Problem requirements
Restate the listing below word for word; no picture is to be carried over.

Stored data
* * *

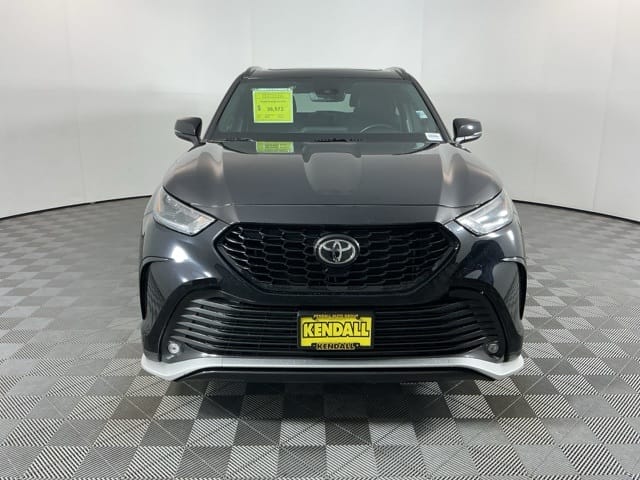 Used 2021 Toyota Highlander XSE 4D Sport Utility – 5TDJZRBH8MS151480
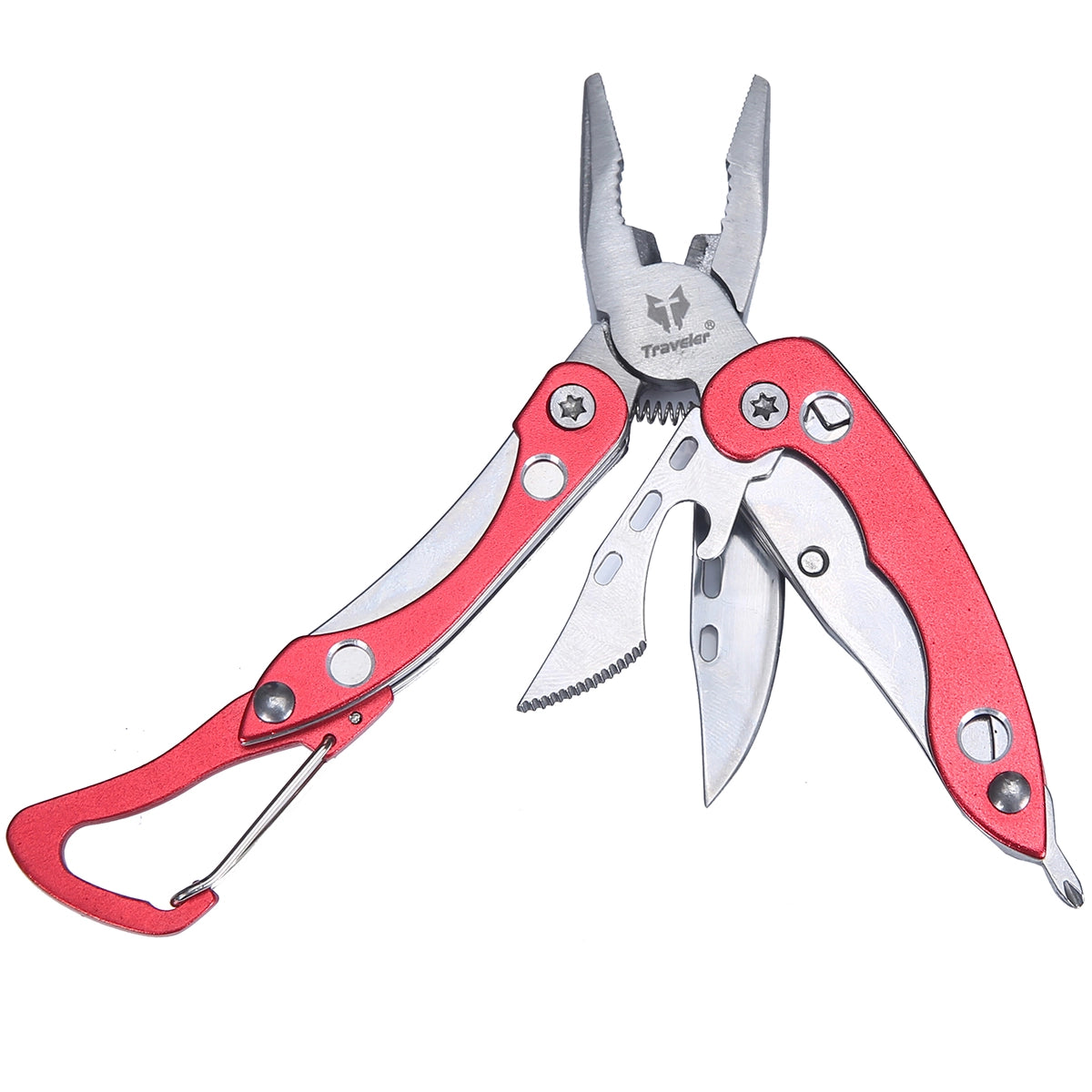 10 in 1 Sideclip Multi-Tool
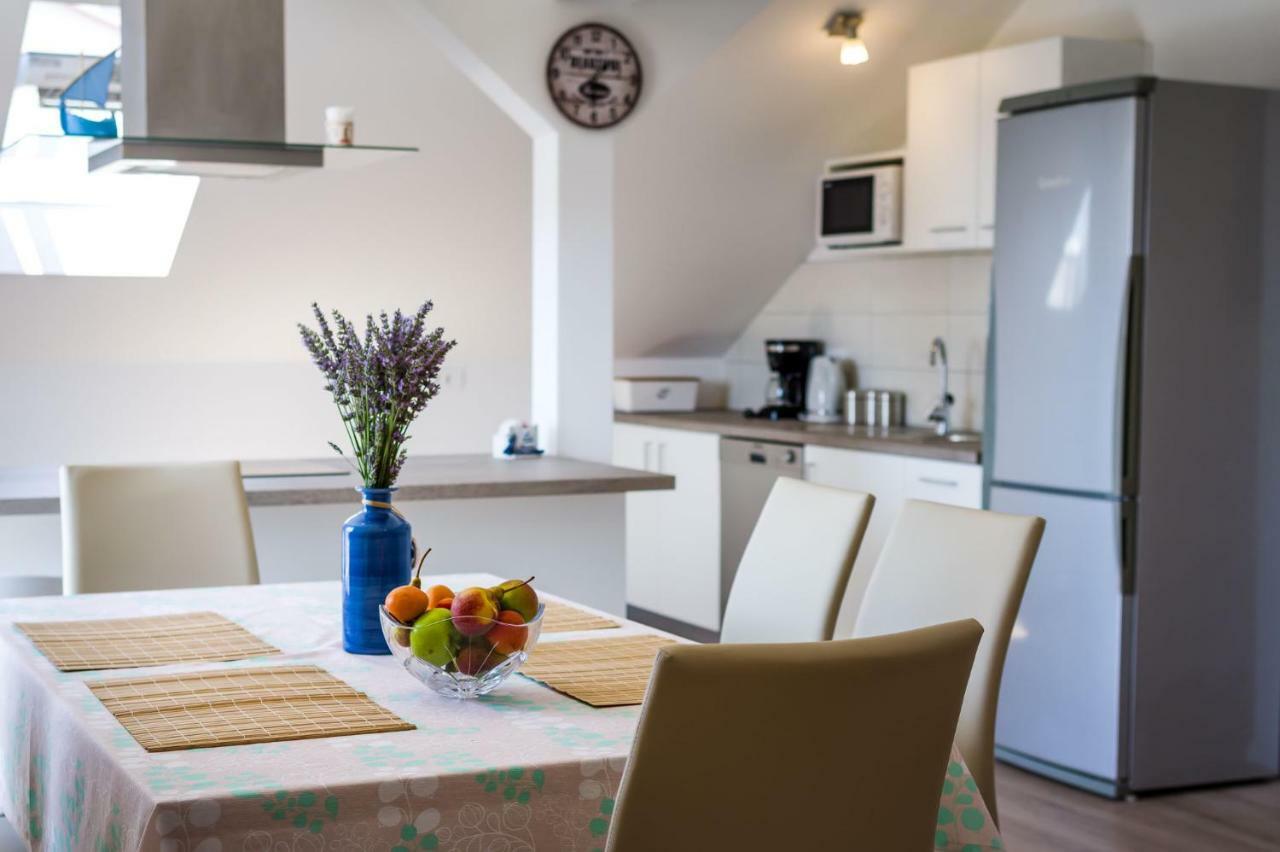 Apartman Iva Zara Экстерьер фото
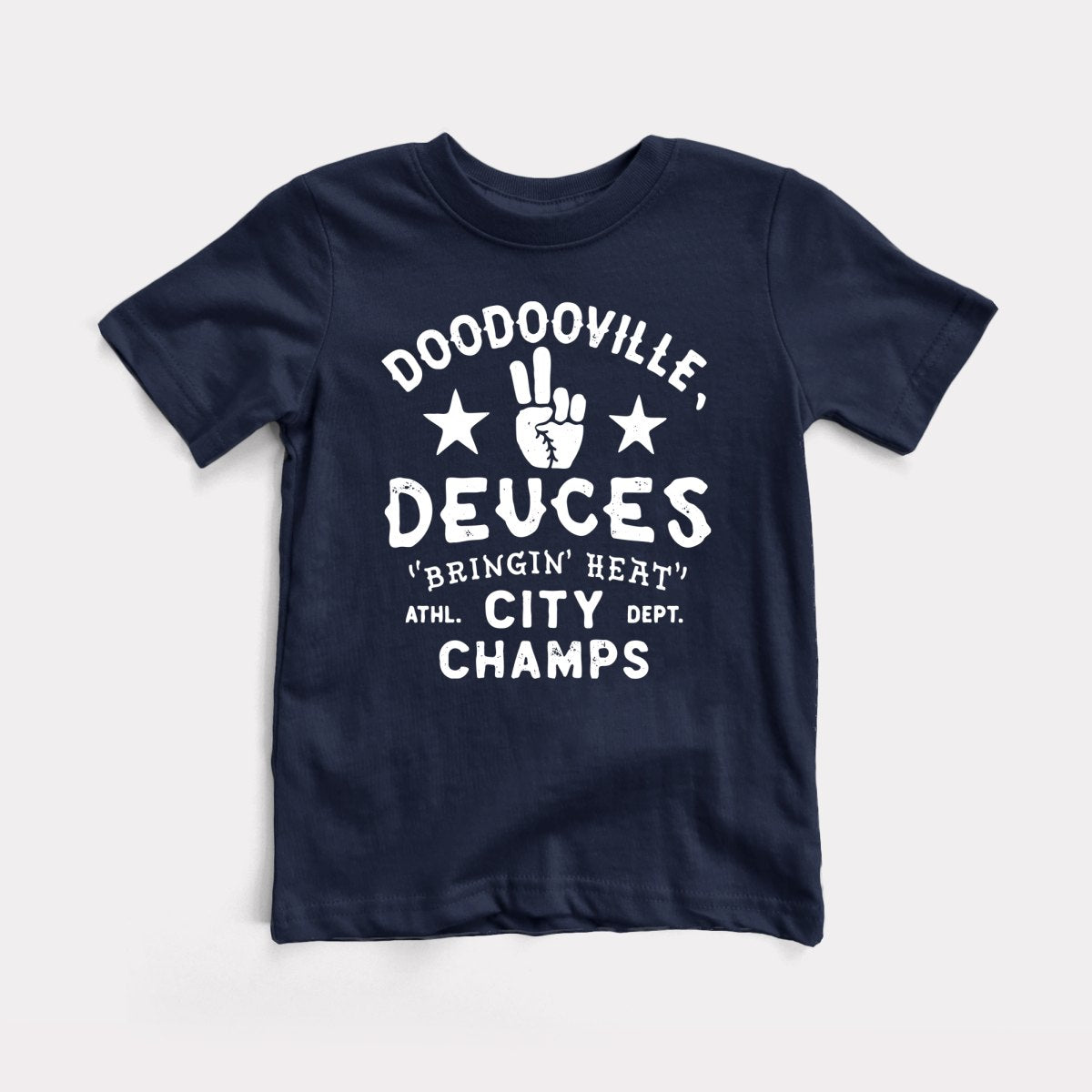 Doodooville Deuces Youth Tee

* * *

Finished task
 Used 2021 Toyota Highlander XSE 4D Sport Utility – 5TDJZRBH8MS151480
 10 in 1 Sideclip Multi-Tool
 Apartman Iva Zara Экстерьер фото
 Doodooville Deuces Youth Tee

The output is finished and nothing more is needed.